··· Data for review ···

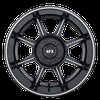 T31 210 6009-N1 9GBM TR31 Wheel Size: 20"x10" [Gloss Black Milled] - image 2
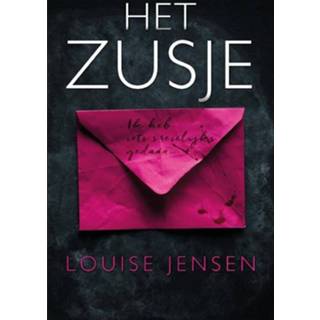 👉 Het zusje. Louise Jensen, Paperback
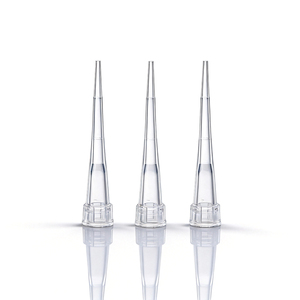 Embouts de pipette courts de type sac blanc de 10 µL, spécifiques au laboratoire, embouts de pipette universels, en matériau PP. - Product Image 2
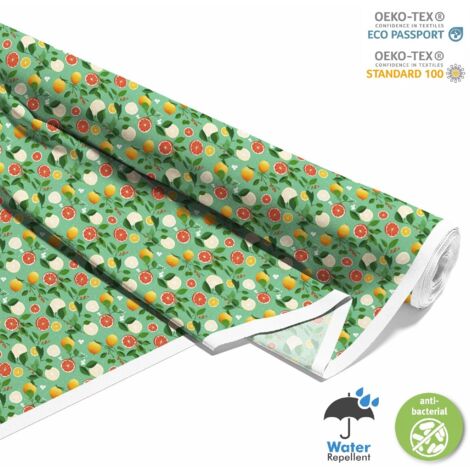 TESSUTI DECORATIVI PER ESTERNI OXFORD - Motivo Frutta  DX6500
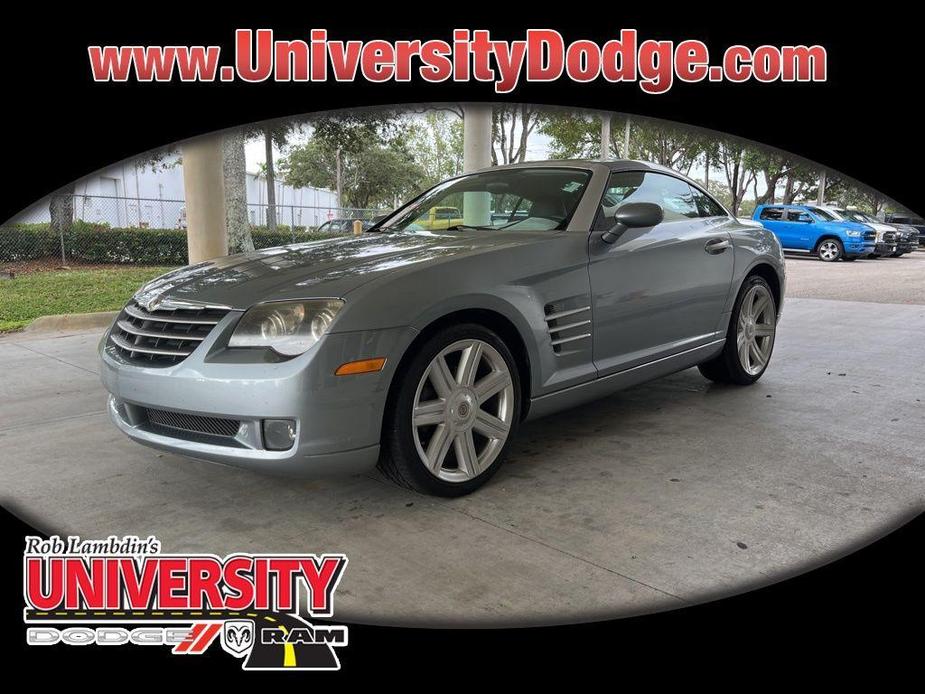 used 2004 Chrysler Crossfire car, priced at $7,997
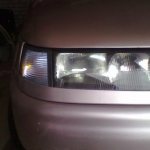 What kind of low beam bulbs for VAZ 2112 Halogen lamps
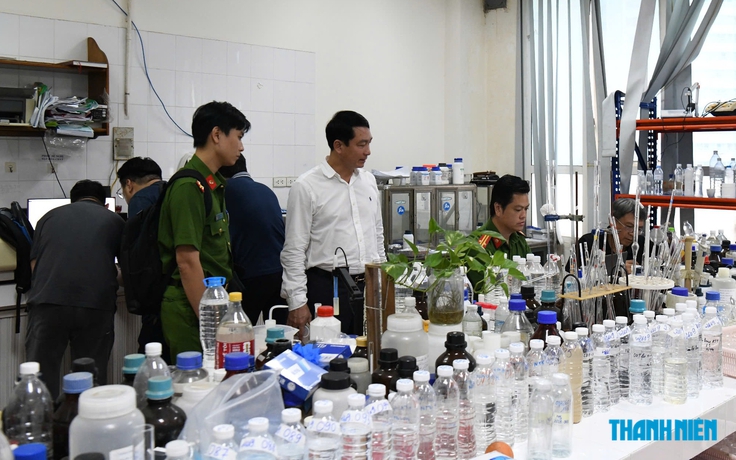 Nhiều giám đốc, trưởng phòng bị khởi tố vụ sai lệch kết quả quan trắc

···

**Assignment**.
When you come to the line containing "TESSUTI DECORATIVI PER" in the records above, repeat that line and all lines after it exactly, but not the pictures.

**Solved problem**.
 TESSUTI DECORATIVI PER ESTERNI OXFORD - Motivo Frutta  DX6500
 used 2004 Chrysler Crossfire car, priced at $7,997
 What kind of low beam bulbs for VAZ 2112 Halogen lamps
 Nhiều giám đốc, trưởng phòng bị khởi tố vụ sai lệch kết quả quan trắc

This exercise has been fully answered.